(Material provided begins)

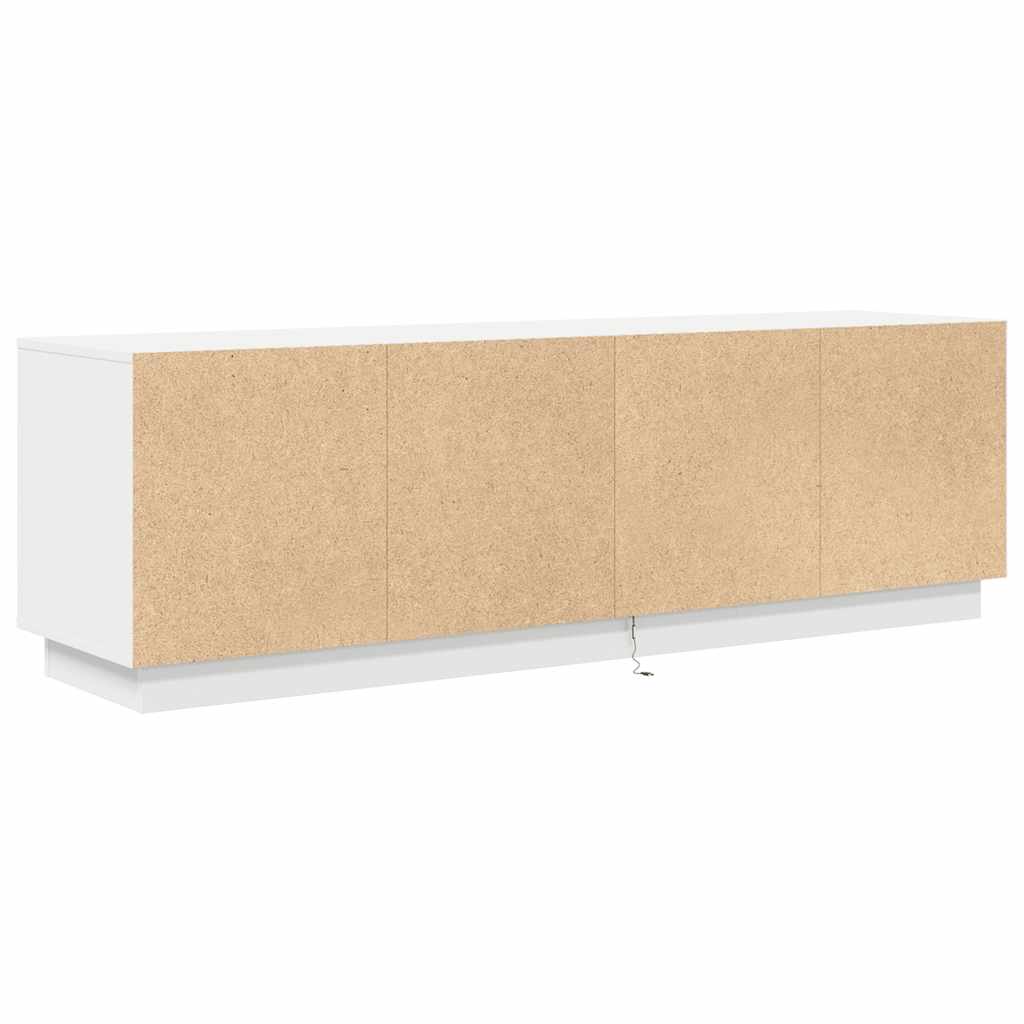 Tv-Benk Med Led-Lys Hvit 160,5X41X50 Cm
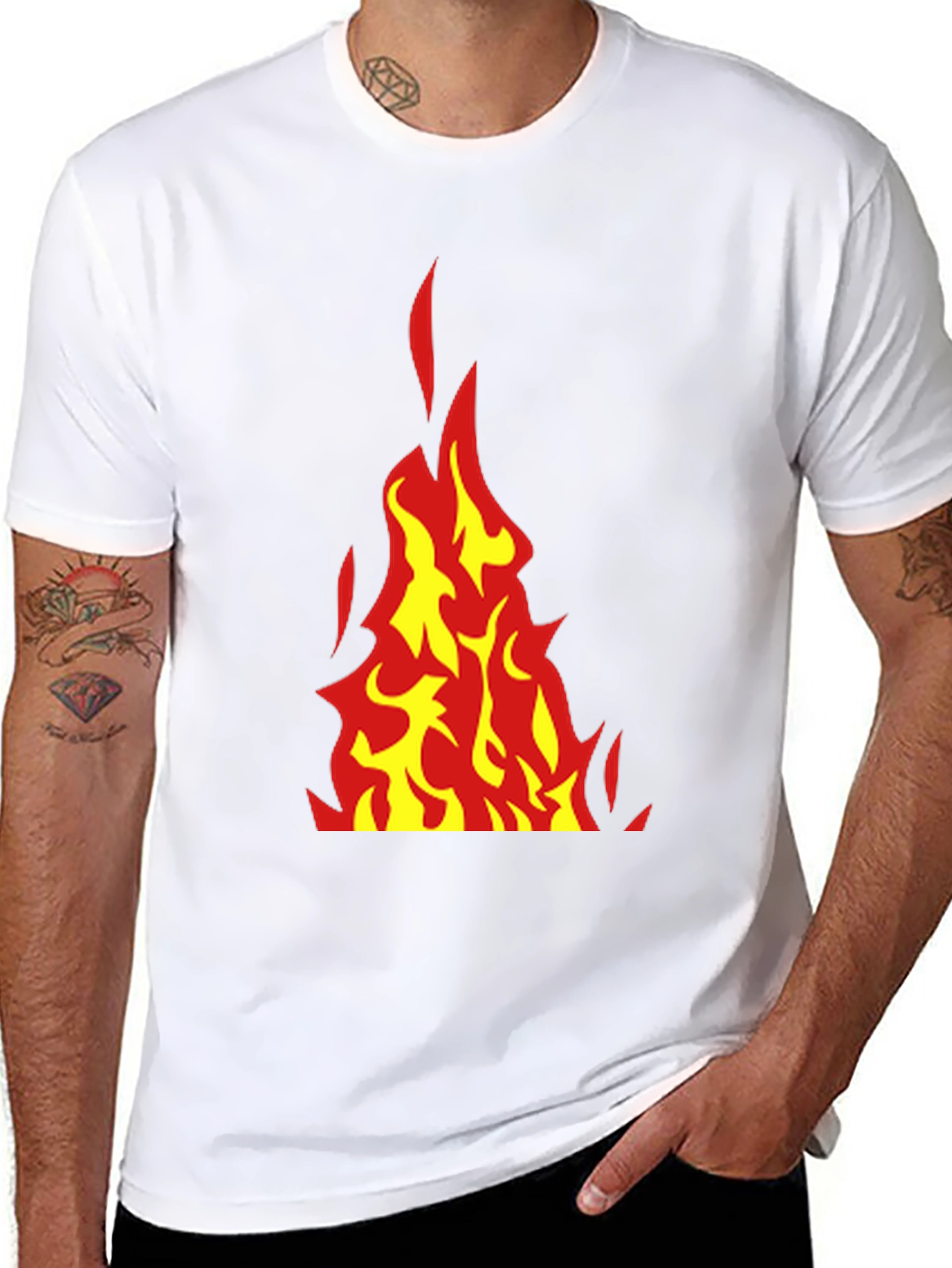Fiery Flames Graphic Tee - Bold Black T-Shirt
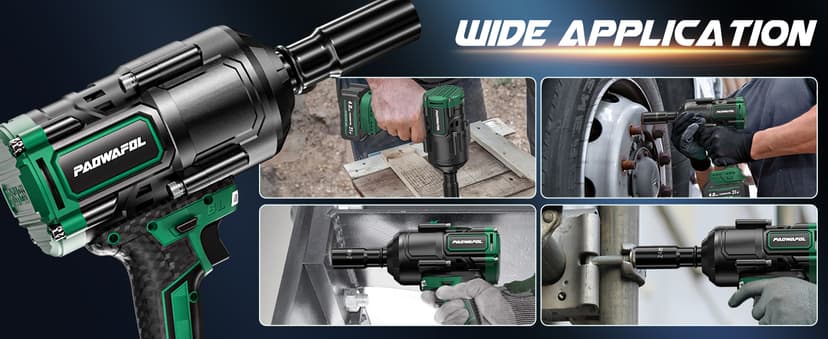 1500N.m(1106ft-lbs) Brushless Impact Wrench, High Torque 1/2" Impact Driver with 2* 21V 4.0AH Battery, Fast Charger, 5 Sockets & Storage Case, Cordless Impact Driver for Home Car Truck Tires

(Material provided ends)

= Exercise directions =
The required output is the listing above reproduced exactly, pictures removed.

= Result of the exercise =
 Tv-Benk Med Led-Lys Hvit 160,5X41X50 Cm
Fiery Flames Graphic Tee - Bold Black T-Shirt
 1500N.m(1106ft-lbs) Brushless Impact Wrench, High Torque 1/2" Impact Driver with 2* 21V 4.0AH Battery, Fast Charger, 5 Sockets & Storage Case, Cordless Impact Driver for Home Car Truck Tires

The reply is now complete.